I’ve doing a lot of thought lately regarding changes I need to make in my life, and about life in general. So much of my life revolves around writing, that I’ve been thinking about my novels a lot as well: that first awful one that will never see the light of day, the two I’ve published, the one I’m editing, the one I wrote last November/December for NaNoWriMo. And one thing I’ve realized:
As different as my approaches to each novel were, they had one thing I common: I loved the ADVENTURE of writing each one. Whether I outlined or wrote by the seat of my pants, whether I knew where a scene was going when I first sat to write it (or thought I knew), or just decided to let the characters take control and see what they would say or do, sentence by sentence, remark by remark, I was 100% invested.
I was invested in my characters and their stories. I fell in love with their falling in love. I cried when they cried and though I succumbed to the necessity of deaths during a magic-driven civil war, it was painful, painful, painful to experience. I sat gaping in shock, I paced the room in frustration, and I was fascinated to discover how the survivors would keep moving forward…. Because I knew they would keep going. I learned from their resiliency, their faith, and their determination. I admired their selflessness and resolve. The story of their “lives” was as much an adventure for me as it was for them.

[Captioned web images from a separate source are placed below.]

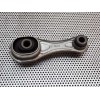 Recambio de soporte motor trasero para dacia duster ambiance 4x4 referencia OEM IAM 112385698R  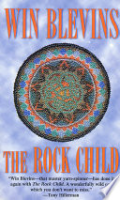 The Rock Child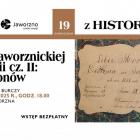 Fotka nr 5 z 11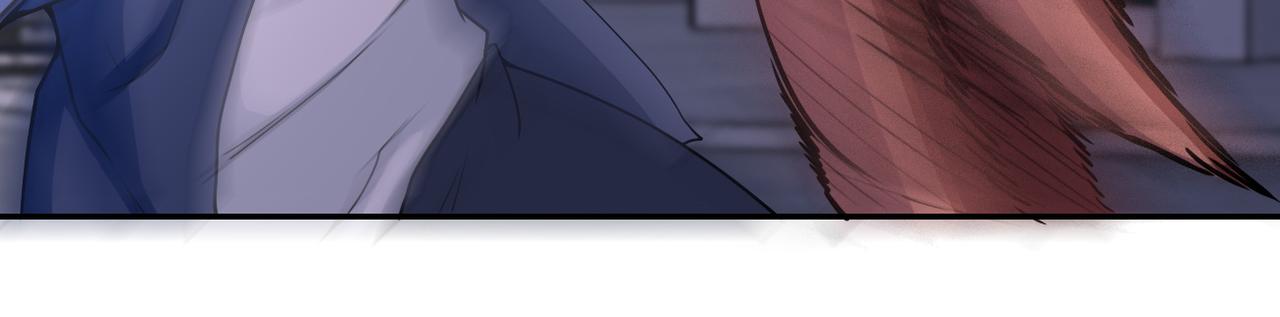 第83话 掘土者33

DIFFERENT KINDS OF ADVENTURE
While I think that each and every writer has to share in the adventure of the stories they write, there is no one way to define “adventure.” Each person–and each literary genre–defines it differently. There are psychological adventures, romantic adventures, adventures of exploration and discovery involving physical danger…. Whatever kind of adventure enthralls you–whether you prefer having an outline to guide the fun, or you consider figuring things out as you go to be part of the charm–you have to be in the writing scene FOR the adventure, because let’s face it: writing is hard. And if you’re not with your characters every step of the way, walking in their shoes, feeling what they’re feeling or wondering how you would react facing their problems in your life, you’ll never care enough to put up with all the frustrations along the way until you work through them:
- writer’s block
- dips in confidence
- cutting passages you like but end up not contributing to the work
Let me tell you, you have to find an adventure that makes trudging through the struggles and the challenges worth the pain. You have to be on as great an adventure as your characters are, or you’ll pack it up and go home. Believe me.
I’ve done that. I wrote 100 pages of a novel once before I gave up…. Because there was no adventure. Nothing was happening. While I liked the characters, I didn’t like what some of them were doing, and I didn’t see how their actions would lead me to where I saw a possible adventure I could really invest in. So I started over, and began with the adventure itself, instead of trying to paint a background for it. That was one of the best writing decisions I’ve ever made!